In the listing below, locate the line that contains "521 S H St., Rupert, Idaho" and the line that contains "stabilní motor Deutz - 4". Restate word for word those two lines and every line between them, and nothing else.

======

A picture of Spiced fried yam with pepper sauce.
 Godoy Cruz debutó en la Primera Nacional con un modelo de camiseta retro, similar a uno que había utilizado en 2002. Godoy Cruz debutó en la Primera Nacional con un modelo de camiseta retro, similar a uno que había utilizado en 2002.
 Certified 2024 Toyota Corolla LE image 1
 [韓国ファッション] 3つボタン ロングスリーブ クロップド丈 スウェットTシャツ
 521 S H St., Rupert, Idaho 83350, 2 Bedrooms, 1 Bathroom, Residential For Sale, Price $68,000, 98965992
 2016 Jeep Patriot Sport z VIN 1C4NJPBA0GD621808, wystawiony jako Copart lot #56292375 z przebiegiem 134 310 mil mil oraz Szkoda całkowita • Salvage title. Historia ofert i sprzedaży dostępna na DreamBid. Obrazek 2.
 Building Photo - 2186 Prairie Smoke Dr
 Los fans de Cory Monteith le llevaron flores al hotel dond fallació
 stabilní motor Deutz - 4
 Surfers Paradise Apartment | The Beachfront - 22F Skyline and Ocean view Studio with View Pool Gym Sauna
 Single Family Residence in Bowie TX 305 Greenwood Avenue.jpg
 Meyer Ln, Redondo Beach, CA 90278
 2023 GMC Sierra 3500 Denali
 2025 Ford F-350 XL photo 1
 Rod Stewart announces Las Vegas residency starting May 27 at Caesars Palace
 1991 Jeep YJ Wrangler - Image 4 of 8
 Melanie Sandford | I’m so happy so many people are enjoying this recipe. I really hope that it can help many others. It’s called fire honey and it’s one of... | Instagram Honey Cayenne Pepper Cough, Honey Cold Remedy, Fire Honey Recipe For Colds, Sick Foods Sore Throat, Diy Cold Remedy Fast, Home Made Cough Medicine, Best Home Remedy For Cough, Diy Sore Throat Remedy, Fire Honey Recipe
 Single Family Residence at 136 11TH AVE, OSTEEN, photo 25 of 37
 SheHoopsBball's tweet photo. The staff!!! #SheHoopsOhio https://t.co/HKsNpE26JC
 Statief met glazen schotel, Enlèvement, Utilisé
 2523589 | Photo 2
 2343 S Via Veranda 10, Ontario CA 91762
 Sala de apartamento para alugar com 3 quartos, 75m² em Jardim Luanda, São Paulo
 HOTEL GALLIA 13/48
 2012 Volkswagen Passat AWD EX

======

EXERCISE RESULT:
 521 S H St., Rupert, Idaho 83350, 2 Bedrooms, 1 Bathroom, Residential For Sale, Price $68,000, 98965992
 2016 Jeep Patriot Sport z VIN 1C4NJPBA0GD621808, wystawiony jako Copart lot #56292375 z przebiegiem 134 310 mil mil oraz Szkoda całkowita • Salvage title. Historia ofert i sprzedaży dostępna na DreamBid. Obrazek 2.
 Building Photo - 2186 Prairie Smoke Dr
 Los fans de Cory Monteith le llevaron flores al hotel dond fallació
 stabilní motor Deutz - 4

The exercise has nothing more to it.